It's only about 18 months ago that we spent a week in Edinburgh, so this was just a nostalgic visit. We wandered the streets and picked up on a couple of things we missed last trip. Mary King's Close was the most interesting - a real step back into the past to the now-buried streets of 17th century Edinburgh. Even though it's a bit of a touristy attraction, it is largely authentic and worth a visit.

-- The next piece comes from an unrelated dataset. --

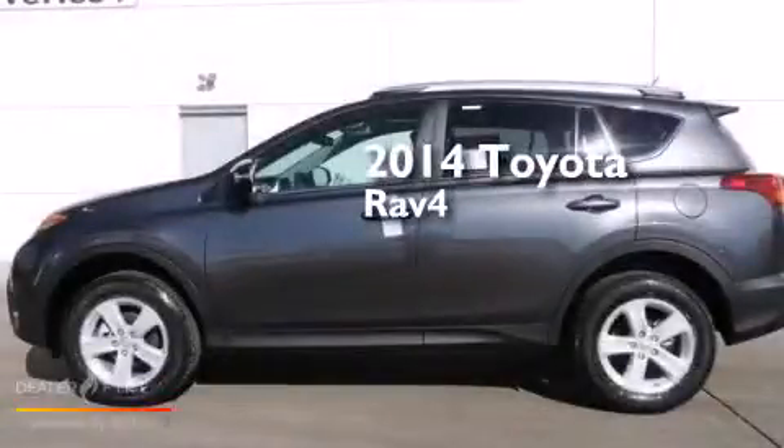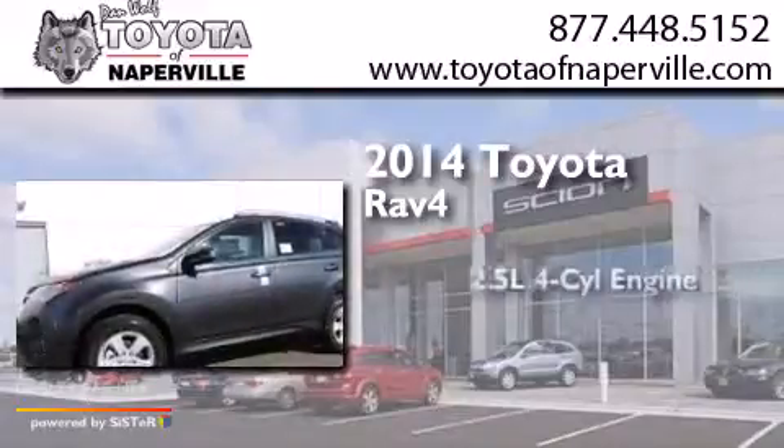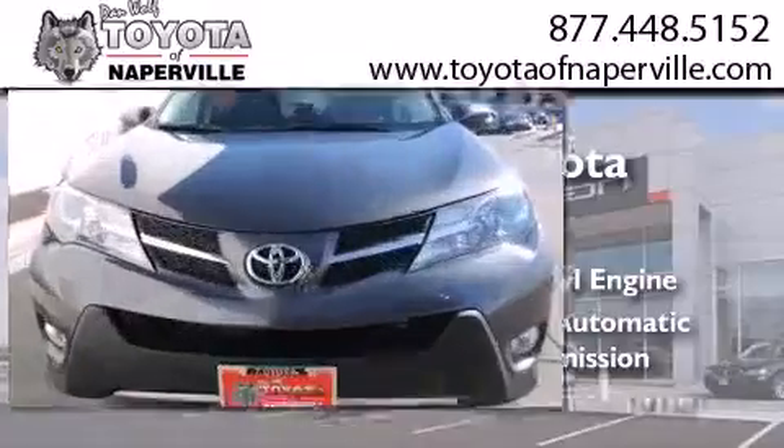This is a brand new 2014 Toyota RAV4. It features a 2.5-liter four-cylinder engine, a six-speed automatic transmission, and all-wheel drive.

On our way up Princes Street, we did a few shops. Just because we could! In Marks and Spencer, now re-branded as M&S. We saw woven baskets just like the one we had bought in Swaziland. Here is a perfect example of the sort of exploitation that the West has indulged in for centuries. We bought our bag from a woman in a market in the Swazi city of Manzini for 25 Rand ($3 cents US). In M&S …. 12 Pound. At today's rate, approximately $18 US. We didn't even hassle with the poor girl in the Swaziland market, but you can bet that M&S paid a lot less per bag than we did. From 3 cents to $18 is more than a normal margin.
Well done M&S!!
Into the Vortex.
Making our way back to London has taken a couple of fairly hard days' driving, broken by quick visits to historic Jedburgh Abbey, the imposing Durham Cathedral and a much longer, conducted tour of the fabulous Fountains Abbey. We had only planned a quick visit here as well, but we were captured by a charming older volunteer guide who took us on a two and a half hour wander around the whole Abbey estate. It wasn't what we had signed up for , but by the end of the hike, we knew a lot more about the ancient Abbey and its surrounds than we could possibly have hoped for. Fantastic day!
Heading down the M1 towards London gave us that “Vortex” feeling. The closer the city gets, the more frenetic the pace becomes and we are drawn into the Vortex.

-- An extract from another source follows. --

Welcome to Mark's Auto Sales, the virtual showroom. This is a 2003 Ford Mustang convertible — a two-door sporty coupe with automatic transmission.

This we have experienced screaming up the Jersey Turnpike, as four lanes become six, then eight, then 10, all crowded with traffic and pouring into New York at speeds well above the 70 miles per hour limit. About 10 years ago, however, a hair-raising drive down the motorway into Istanbul - where the 5 marked lanes carry anything up to 10 lanes of honking, crazy Turks, on a headlong suicidal dash towards the Bosphorus, gave us the most intense Vortex experience of our lives.
Today being Sunday, the “Vortex” was still present, but far less intense than our other experiences. Must be a British thing.
Tonight is our last one in our van. Tomorrow we swap it for a zippy little hire car for our last week in a cottage in the Midlands.